Go a different way to work. Throw food on the floor and laugh. Try to empathize with someone. Cook a Turducken. Just do something different.
I told myself a few months ago that I was going to try and do something new to me every day. Maybe it would be to look at a new website or to shop at a different grocery store.
It's amazing what you can find when you push yourself out of your little bubble.
I was too young to remember, but my mother says that I was so afraid of new things when I was a baby that she could sit me in the middle of the horrible green living room carpet on a blanket with a toy or two and go clean the entire house. When she was done she would come back and find that I hadn't moved an inch. I just sat in the middle of the room trying to figure it all out from a distance. She tells me that that example is a microcosm of my personality. I was also breach at birth before the emergency C-section. She says I wanted to "test the waters" with my feet before really committing.

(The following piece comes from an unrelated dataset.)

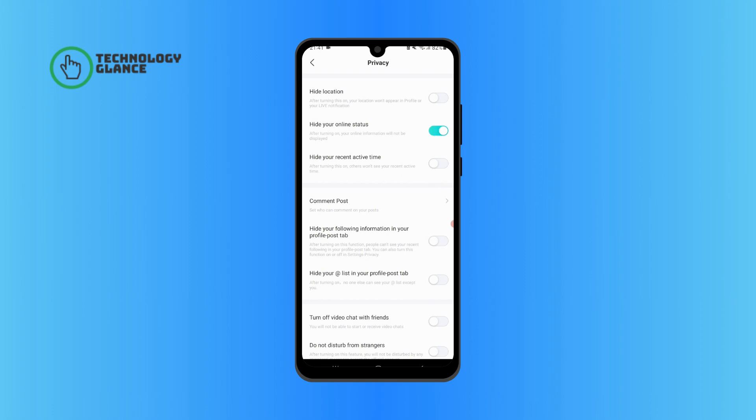And that's it. This is how you hide your online status on Bigo Live. I hope you found this video helpful. If you did, please click the thumbs up button. If you have any questions or thoughts, type them in the comments below.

It has always been tough for me to leave familiar territory, although I've always tried to push myself out of it. Joining for Army was as far as I have ever gone from my perfect little world. Even then I was anxious to get back to my little bubble. So after my hitch I moved home where everything was warm and fuzzy and happy. It wasn't until after spending several years stagnating I knew it was time to make a change.
But, why? It was so nice there in the bubble! I had a decent job, a little house, a nice truck, a wonderful family and lots of friends and drinking buddies. I did whatever whenever, with virtually no casualties aside from my liver and bank account. But it wasn't enough. There was no future, no security, no promise. If I didn't push myself out of that comfort zone I would die there. Likely of cirrhosis and boredom.
And then I met my wife. She never asked me to, but I knew I had to make some changes. Out of the "comfort zone" I went. Again. This time it would be to learn a trade and get a real job outside the family business and the Army. In other words, one from which I could get fired. And it was outside of my known world. Oh No! How could I possible survive this gauntlet? Oh, the anxiety!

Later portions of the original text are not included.